Young has work to do. He has had a bad stretch of games where he has been exposed as a defender on the perimeter. On a few occasions, teams have been using Kentucky's commitment to switching everything against them. Young's man has often screened the defender of the opposing team's quickest player leaving Young on an island alone where quick guards have been able to get by. As a result, Young has become a liability on defense in recent weeks--something that was not seen earlier in the year. Is it a broken Kentucky defensive system, an unknown injury, or has he simply been exposed? Given the full range of what he has shown this year, I think he will be a good NBA defender against small forwards but has a lot of work to do for covering shooting guards. He needs to improve his passing, but the notion that he is a poor ball-handler is simply false. He drives the ball and finishes well in traffic and will do so even better as he improves his play-making abilities. His passing struggle are not a result of being unwilling to pass, but of not always making the right pass. Given the inexperience of his teammates, this is not entirely his deficiency. All of those weaknesses taken into account, it is hard to look back on his play against Michigan State and not believe that he has all the tools to be a starter in the NBA and the potential to be an All-Star:
James Young Full Highlights 2013 11 12 vs Michigan State 19 Pts (via Pasie15 Sports)
A few differences I notice in his shot in the highlight video versus his struggles over the season is that as the season has progressed his shot has flattened out and his feet are both less balanced and turning more to the right. Like most shooters, when Young is in rhythm his shot comes out higher with his feet mostly square and his feet return to the ground at the same spot they left. During his recent struggles, his release is not going over the top but more toward the basket and his feet being imbalance causes him to twist at the hips.

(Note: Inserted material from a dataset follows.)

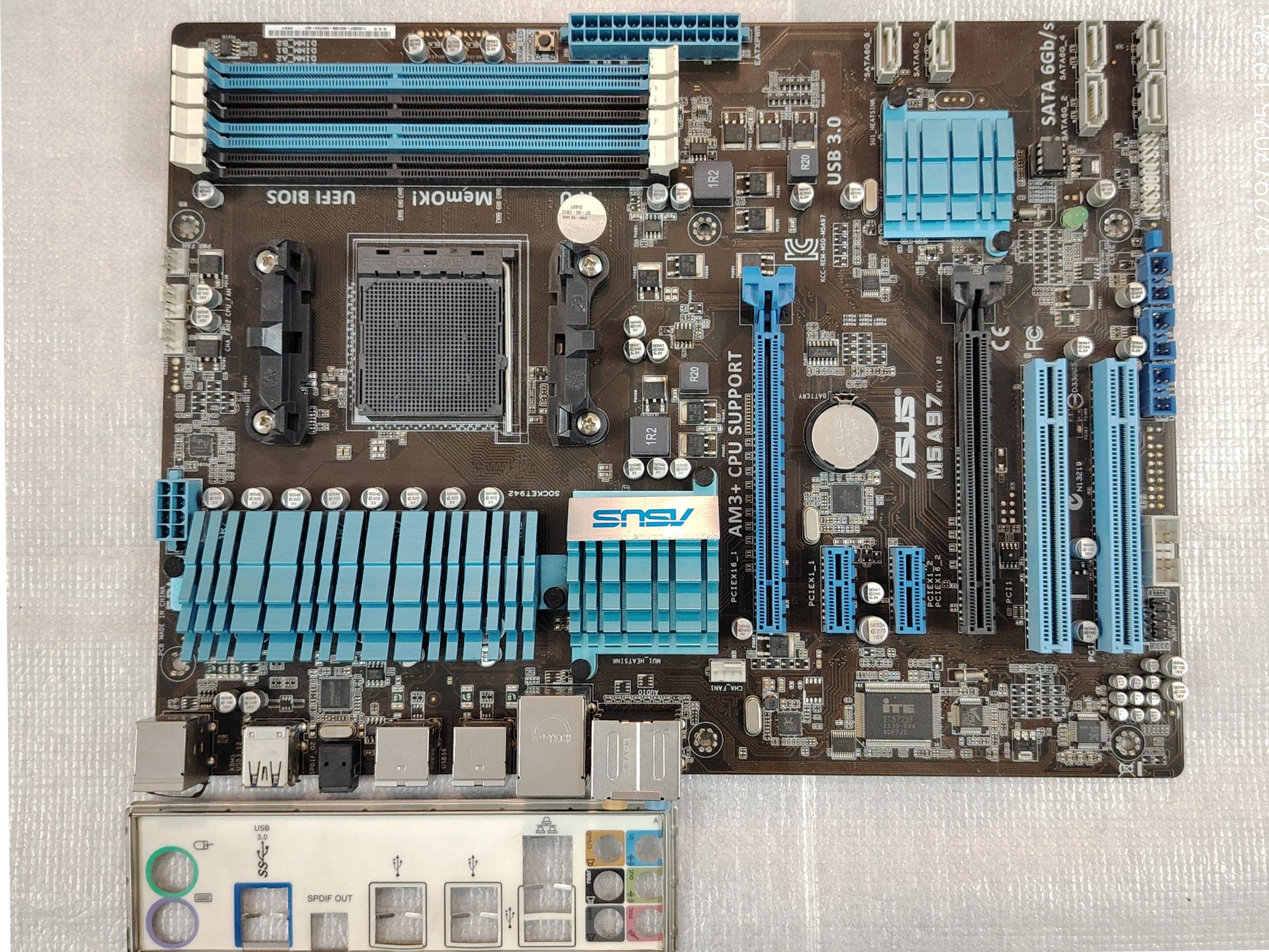 مادربرد بالارده AMD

In his most recent game he showed form more similar to what you can see in the video. For all the strengths John Calipari has had with point guards, his resume lacks evidence of helping players improve their shooting. A team drafting Young will have to believe that whatever limitations are present in his mechanics can be corrected.

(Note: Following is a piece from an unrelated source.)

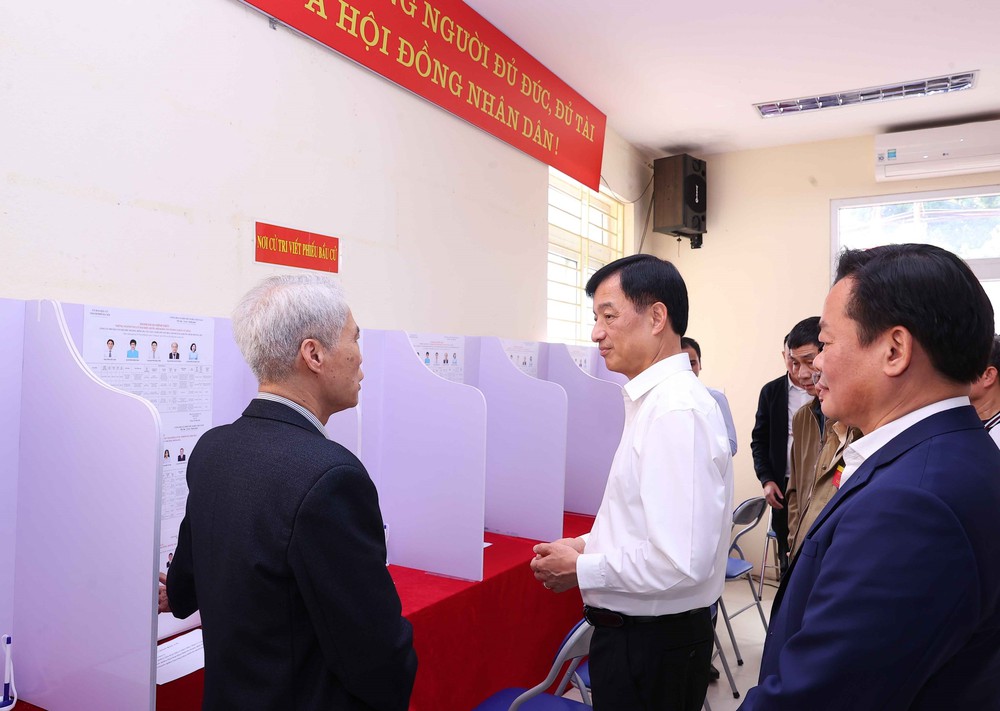 Bầu cử Quốc hội và HĐND: Bí thư Thành ủy Hà Nội kiểm tra công tác bầu cử tại phường Hồng Hà - Ảnh 6.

James Young has as much on the line in March as any other prospect. A couple more games being exposed defensively could drop him low enough that he decides not to enter the draft, yet a couple of great shooting performances without showing his recent defensive struggles could see him rise into the top 10. Personally, I think he has the right mix of skill, toughness, ability, and resilience to become an NBA All-Star if properly developed. With the talent for development shown by the Hawks' staff and the need for Atlanta to add a two-way perimeter player, I think the risk of drafting Young exceeds the security of adding Rodney Hood. While Hood may be helping a team off an NBA bench immediately next year, Young could be starting for one by 2016. He will just have to be careful if it is for an NBA champion since he will not be legally old enough to share the champagne.